[GOAL OF THE EXERCISE]
From the line containing "Intratuin 2-zits loungeset Chicago naturel" to the end of the data, retype every line exactly and nothing else. Drop the pictures.

-- PROVIDED INFORMATION follows --

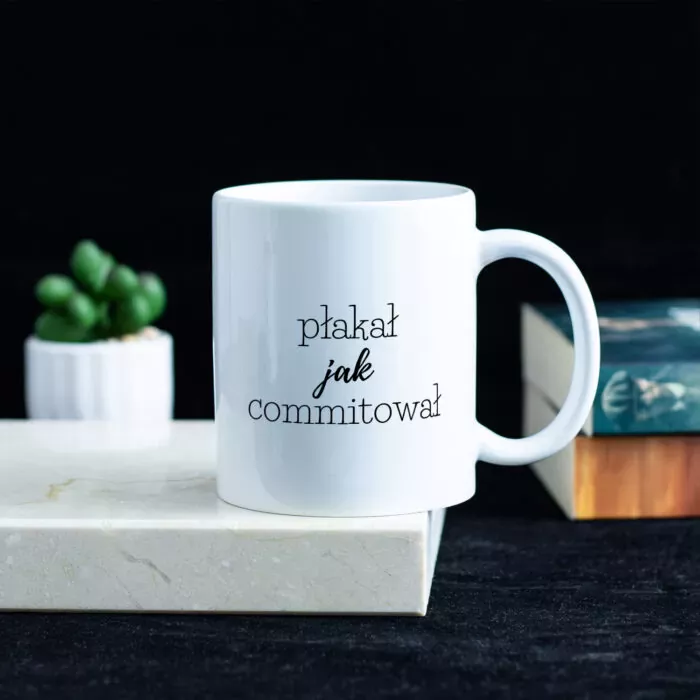 Kubek COMMIT - prezent dla informatyka - obrazek 2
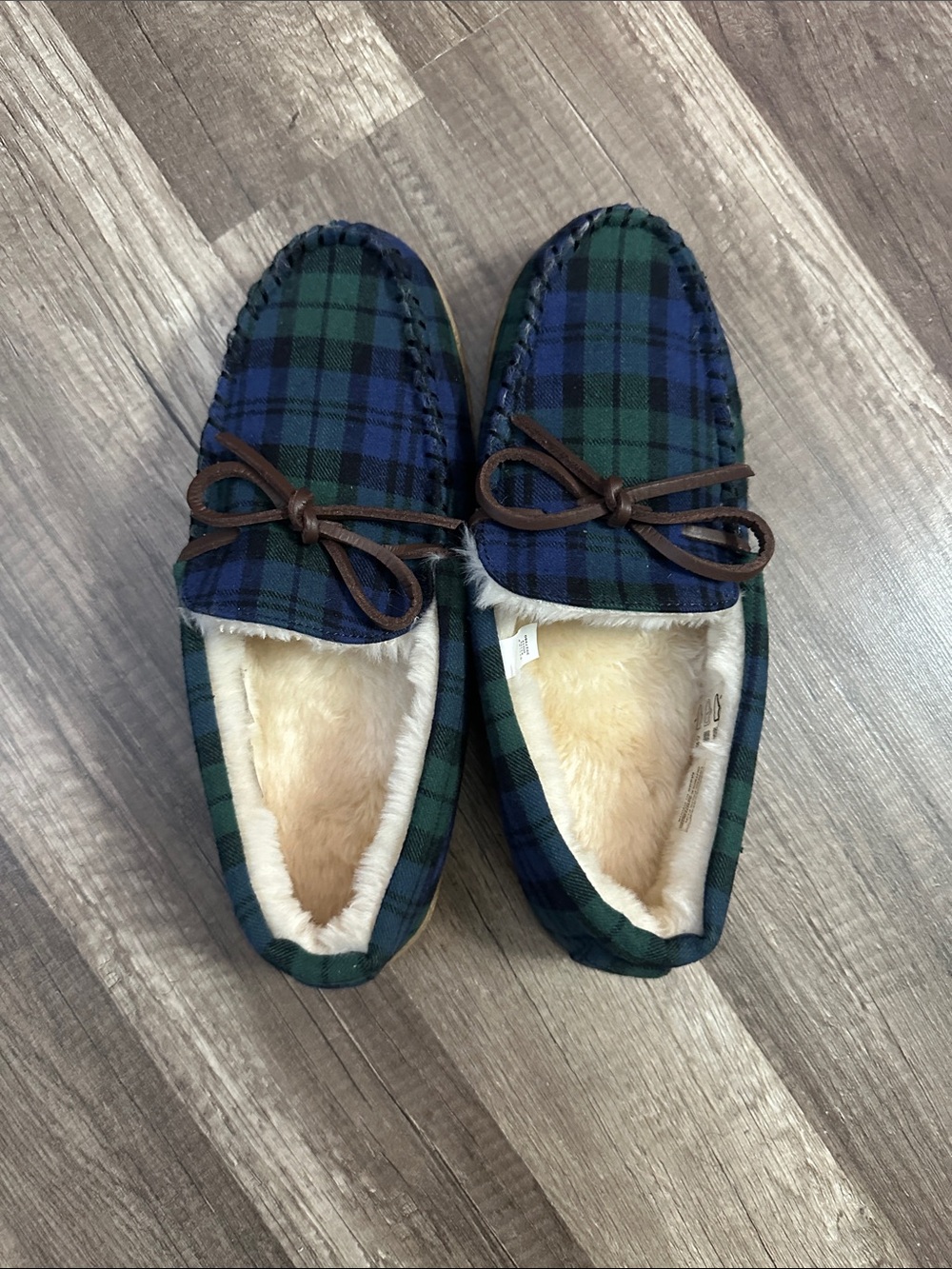 Women’s J. Crew Plaid Slippers in size 7.0
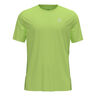 Zeroweight Chill-Tec Crew Neck Camicia da corsa Uomini - lime, 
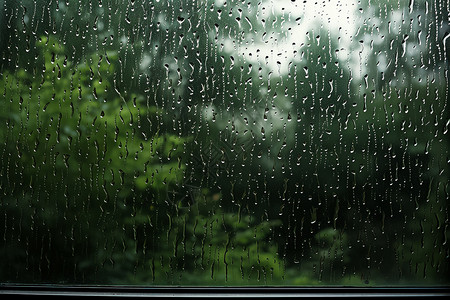 湿润的窗户图片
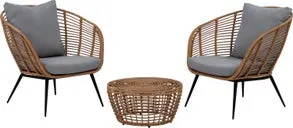 Intratuin 2-zits loungeset Chicago naturel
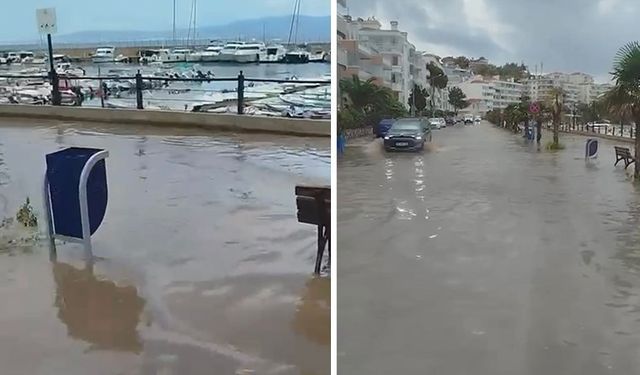 Bursa'da zor anlar: Yoğun yağış hayatı felç etti!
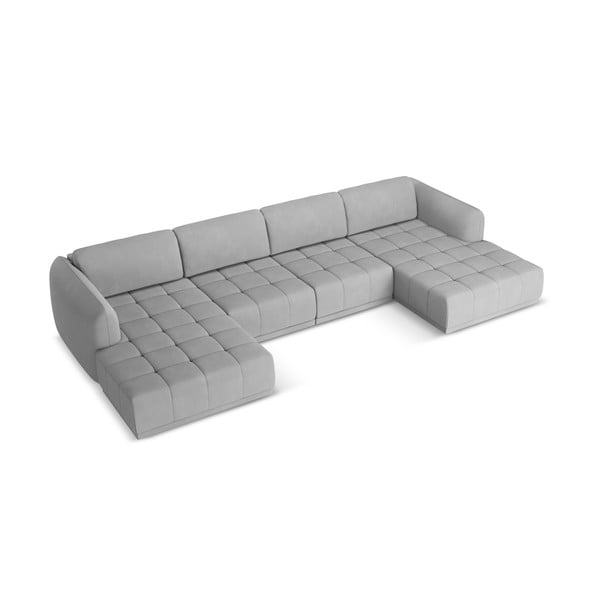 Világosszürke sarokkanapé Hoku – Makamii-image-4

-- PROVIDED INFORMATION concluded --

[RESPONSE TO THIS EXERCISE]
 Intratuin 2-zits loungeset Chicago naturel
 Bursa'da zor anlar: Yoğun yağış hayatı felç etti!
 Világosszürke sarokkanapé Hoku – Makamii-image-4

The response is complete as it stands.